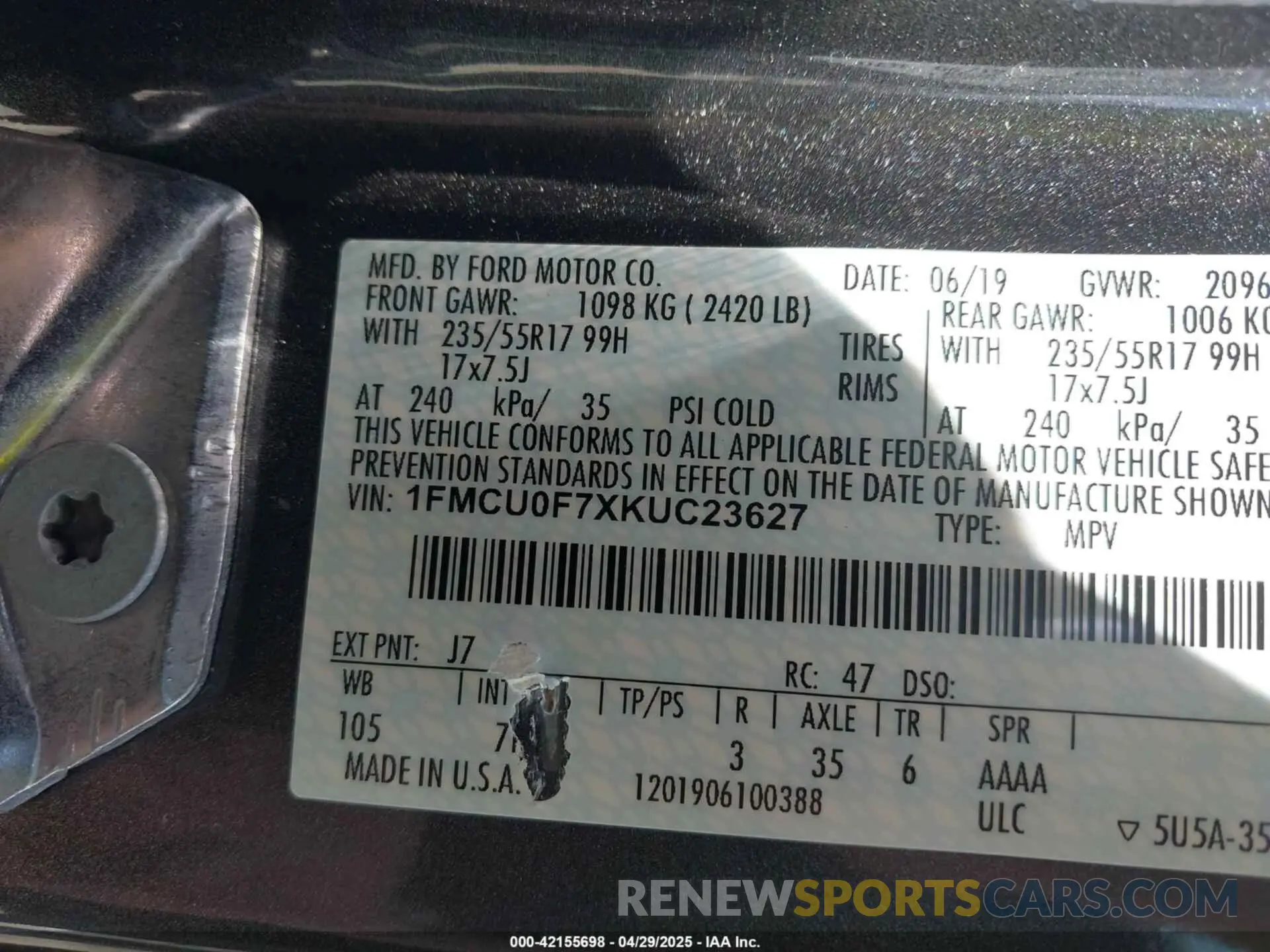 9 Photograph of a damaged car 1FMCU0F7XKUC23627 FORD ESCAPE 2019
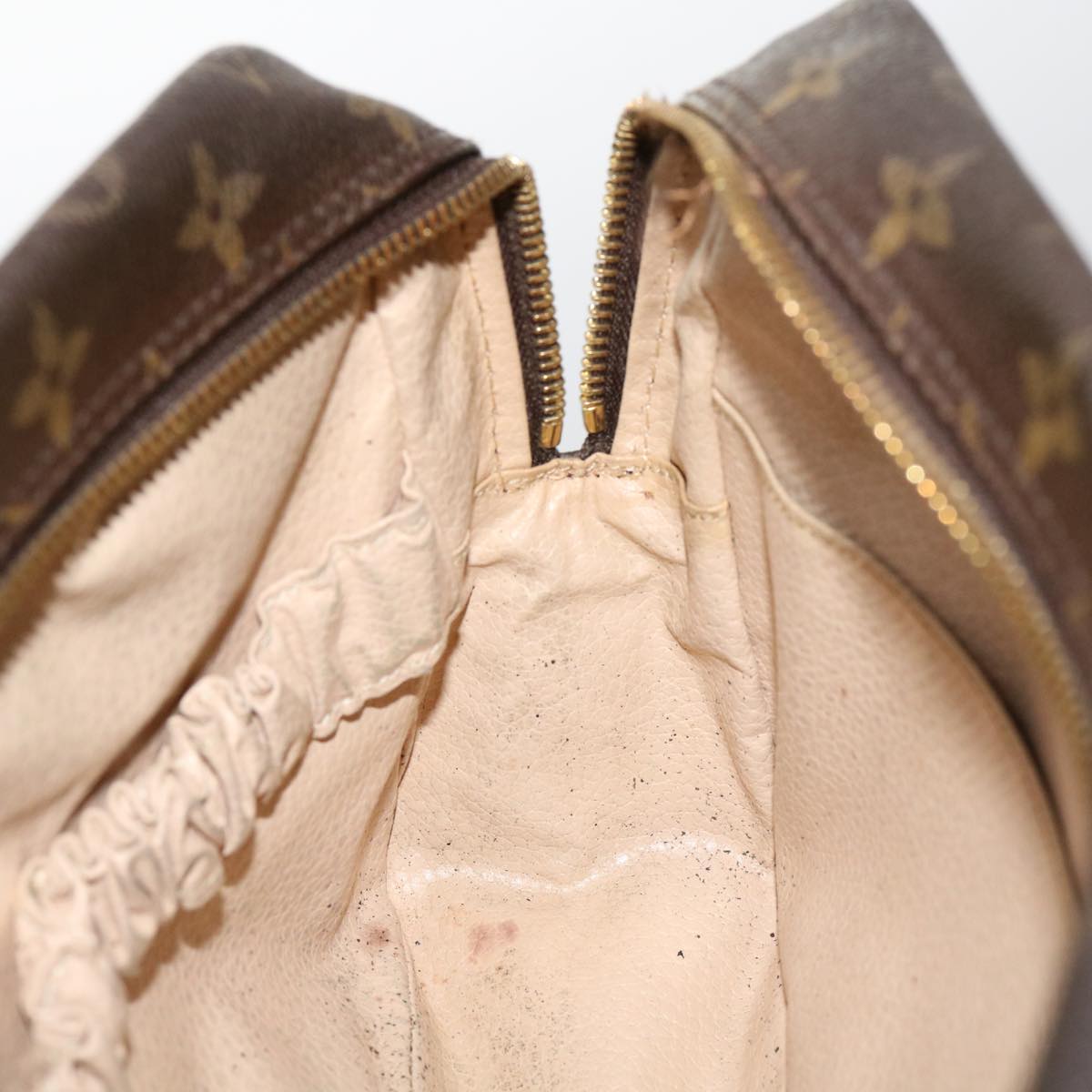 LOUIS VUITTON Monogram Trousse Toilette 28 Clutch Bag M47522 LV Auth 69810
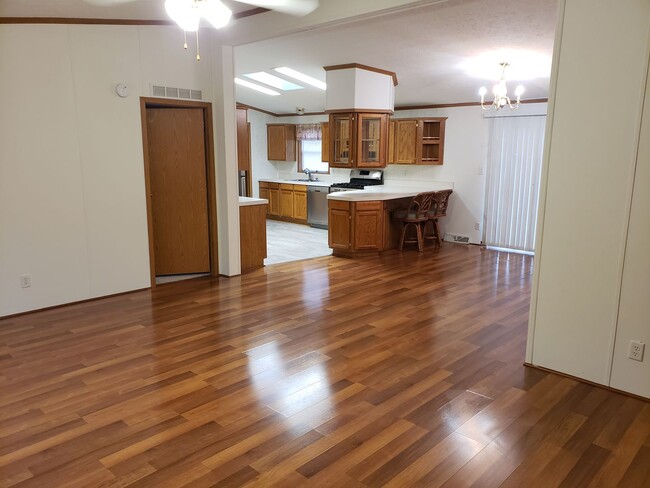Foto del edificio - Spacious 4-bedroom, 2 bath, 2 car garage w...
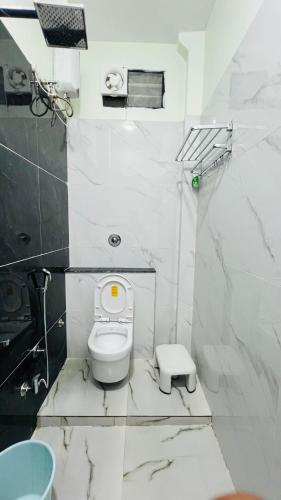 een witte badkamer met een toilet en een wastafel bij Rudrangan Suites Full Luxurious Villa Near Mahakaleshwar temple By AP villas and Resorts in Ujjain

# [EXERCISE OBJECTIVE]
Write out the data above in full and exactly, but not the pictures.

# [REPLY TO THE EXERCISE]
 9 Photograph of a damaged car 1FMCU0F7XKUC23627 FORD ESCAPE 2019
 LOUIS VUITTON Monogram Trousse Toilette 28 Clutch Bag M47522 LV Auth 69810
Foto del edificio - Spacious 4-bedroom, 2 bath, 2 car garage w...
 een witte badkamer met een toilet en een wastafel bij Rudrangan Suites Full Luxurious Villa Near Mahakaleshwar temple By AP villas and Resorts in Ujjain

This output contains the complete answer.